NASH HAD SEEN it happen before — many times, in fact. He stared at the kid’s racing-striped, voluminous nylon messenger bag. Nash recognized the carrier of the bag. Davey D., maybe, if he remembered correctly. D. had that long, snaggly-ass surfer hair, bleached and knotted. He had a habit of pulling at the knots, tearing his fingers through them, then discarding the clumped strands on the floor. And when he took off his knit skullcap, the blond and knotted hair sprouted up and out like a palm frond over his forehead. Nash stood next to the cash register and watched Davey D. shove a skateboarder magazine into his bag. Who gave a crap except it was one of those Japanese imported skateboarder magazines that came wrapped in plastic and sold for fifteen bucks, with a CD sealed inside. Davey D. just eased it into the bag, slid it from magazine stand to flap compartment. No hesitation. No look around.

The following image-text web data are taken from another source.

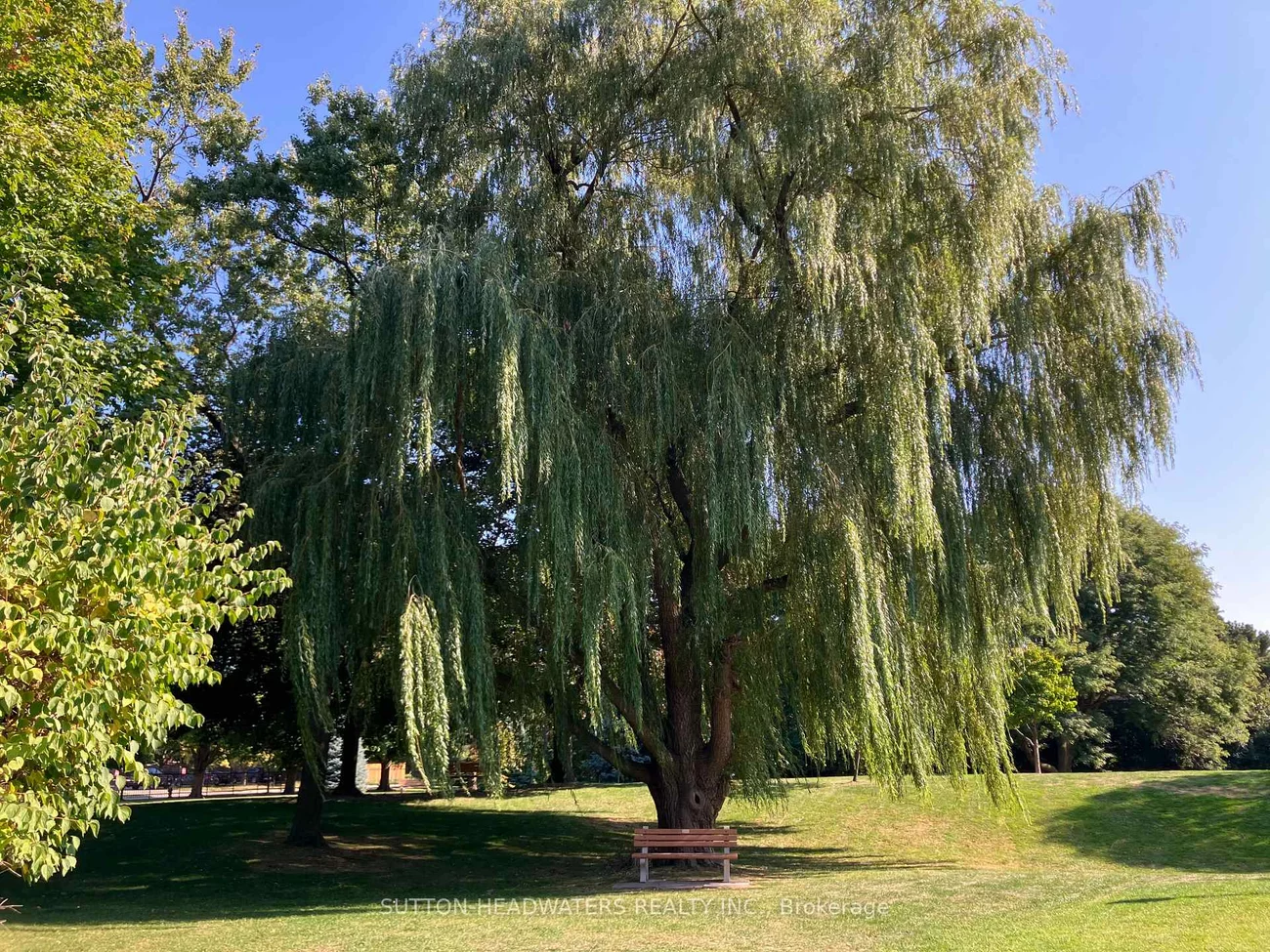 5, Old Sheppard, Pleasant View, Toronto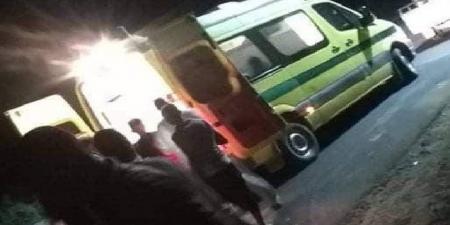 مصرع شاب على يد شقيقه بعد تطاوله على والدته بقرية طنبشا بالمنوفية - هرم مصر
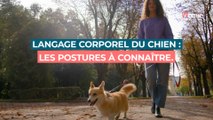 Langage corporel du chien : les postures à connaître absolument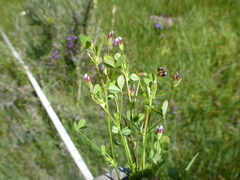 Trifolium variegatum geminiflorum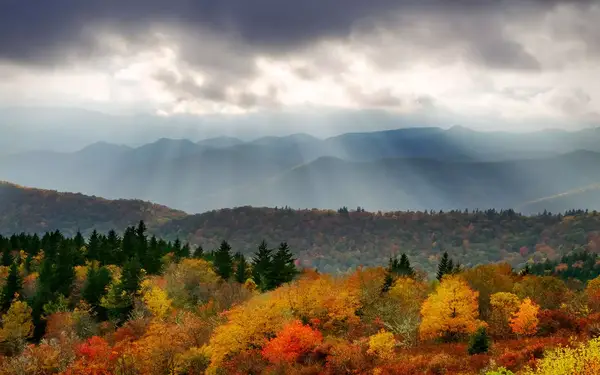 High-angle view of sun shining on fall foliage in mountains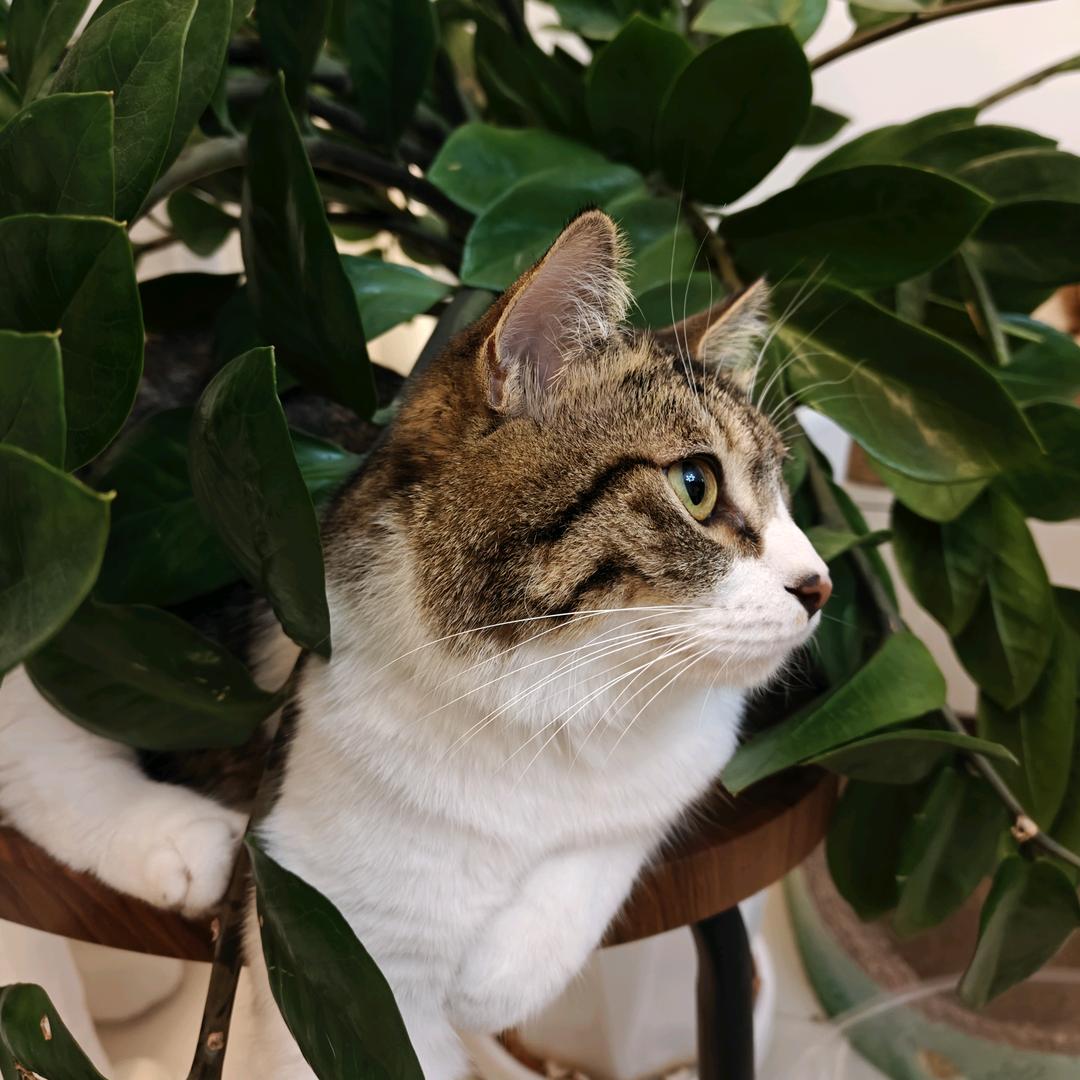 福宝是只狸花猫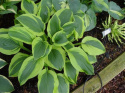 Hosta 'Velvet Moon'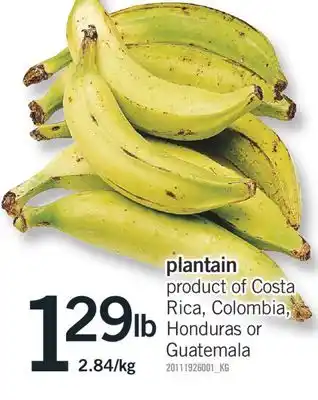 Fortinos PLANTAIN offer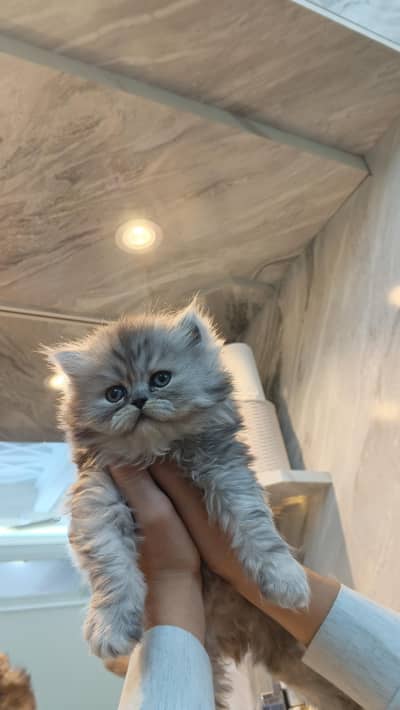 pure triple coat Persian male kitten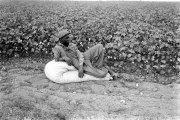 Mississippi sharecropper, 1936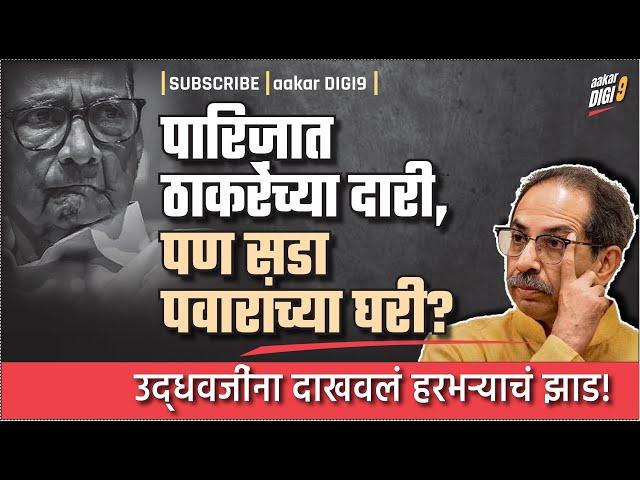 पारिजात ठाकरेंच्या दारी, पण सडा पवारांच्या घरी? उद्धवजींना दाखवलं हरभऱ्याचं झाड!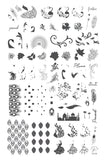 Strut your Tail Feathers (CjS-126) Steel Nail Art Stamping Plate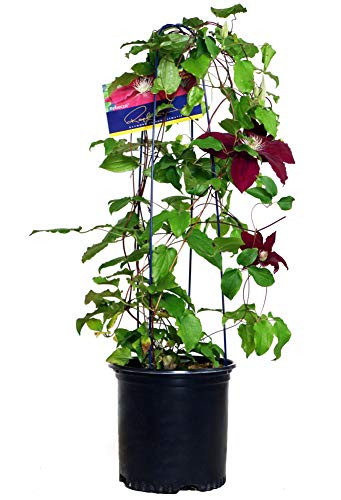 Rebecca Clematis with vibrant red flowers and creamy yellow centers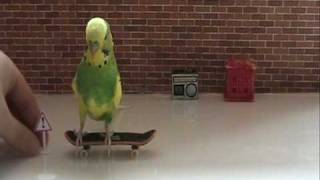 Trieste Visiers 5 step beginers course how to train your budgies to skateboard [upl. by Arda783]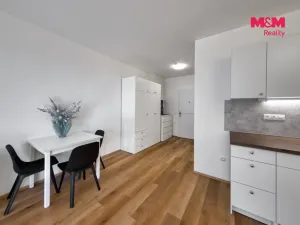Prodej bytu 1+kk, Mladá Boleslav - Mladá Boleslav III, Vondřichova, 38 m2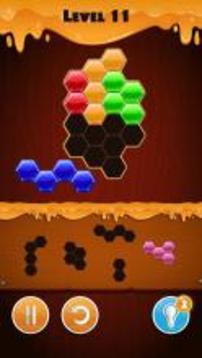 Hexa Puzzle - Challenge游戏截图2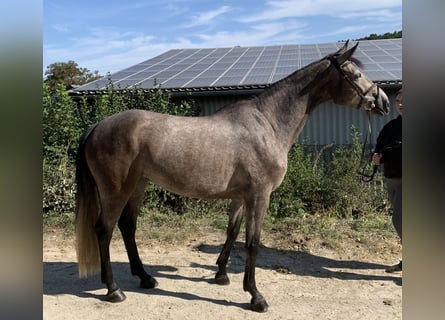Hannoveraan, Merrie, 5 Jaar, 165 cm, Zwartschimmel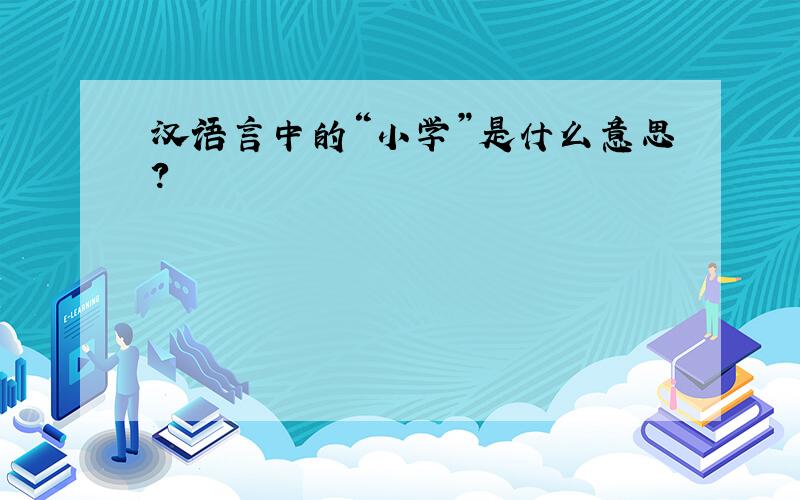 汉语言中的“小学”是什么意思?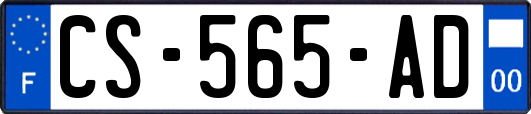 CS-565-AD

Nash didn’t do anything. He watched D. but berated himself: why have a fifteen-dollar skateboarder magazine for sale at all? Sealed so it can’t even be flipped through before you shelled out your fifteen bucks. Could there exist a more appropriate or likely object for shoplifting? But this was Nash’s problem, or one of them. He felt waves of ambivalence about shoplifting, and usually at crucial moments.

That didn’t mean it didn’t upset him. He stared at that shoulder bag, at Davey D. as he continued wandering the store. Nash felt increasingly angry over it, in fact. What upset him (probably) was his sense that Davey D. was certainly one of those rich-raggedy kids. They looked poor, they acted poor, they smelled poor — but somewhere behind them or out ahead of them, somewhere in the surround of them, lurked big, ungainly scads of unearned money. Big Connecticut or Rhode Island Grandpappy dough. The more snaggly the hair, the worse the hygiene, the older the money. Nash didn’t know for sure, but he had developed what he felt was an accurate instinct about such things. After watching a lot of kids at close range, you could tell which ones had nets and which ones didn’t.

Nevertheless, Nash did nothing about this particular theft, or any other. And the thefts had become rampant. Prairie Fire Books had been open only eighteen months. Eventually he hoped it would be run as a collective, by and for the people in the surrounding neighborhood, but for now it was funded by his benefactor, Henry Quinn, who gave Nash complete control of the place. Prairie Fire in no time became highly trafficked by the local youth and on many levels exceeded Nash and Henry’s expectations. Of course it never made money; it never would. But Nash had a modest ambition for it not to lose too much money. And if it wasn’t for all the theft, it probably wouldn’t lose money at all, even with the low pricing and the tables where people were invited to read before, or instead of, buying.

Davey D. approached the cash register. He examined some flyers on the front rack — clubs, bands, zines and meetings. He wore a huge gray überflak jacket with oversized welt pockets, and there were deep and versatile zipper-and-Velcro-sealed pockets on his cargo pants, too. A veritable shoplifter’s uniform. Nash made eye contact with Davey D. and even greeted him warmly. Davey D. said “Hey” in a friendly tone, then calmly cruised out the door. Nash thought of his half-formed theory that if he could make these kids see the store as part of their space — or even worse, that word community —they wouldn’t indulge in petty thefts. But it was more complicated than that.

Prairie Fire stocked largely fringe texts. They sold books that advocated subverting the status quo, abolishing property and ownership, resisting American hegemony, and embracing rebellion and nonconformity of any stripe. Books of this sort, it seemed, begged to be stolen, and lots were. Nash knew it was like a roach infestation: for every one you actually saw, there were dozens you missed. And he refused to hide things behind the counter the way they do at some bookstores. Henry suggested he ought to do at least that with the most frequently stolen texts. But Nash believed that created too much mystique for the stolen objects. It made the unstolen books look shabby. Or else the hiding of the books behind the counter made it less likely kids would buy those books because they had to ask for them. They couldn’t be silent, shuffling and begrudging about it; they had to be public and certain.